• **EXERCISE PROMPT**:
In full and without alteration, give the listing again.

• **INFORMATION SHOWN**:
----------

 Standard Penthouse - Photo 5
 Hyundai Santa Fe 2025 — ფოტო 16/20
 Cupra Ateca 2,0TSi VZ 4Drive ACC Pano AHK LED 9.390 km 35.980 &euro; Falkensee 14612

----------

• **PROBLEM SOLUTION**:
 Standard Penthouse - Photo 5
 Hyundai Santa Fe 2025 — ფოტო 16/20
 Cupra Ateca 2,0TSi VZ 4Drive ACC Pano AHK LED 9.390 km 35.980 &euro; Falkensee 14612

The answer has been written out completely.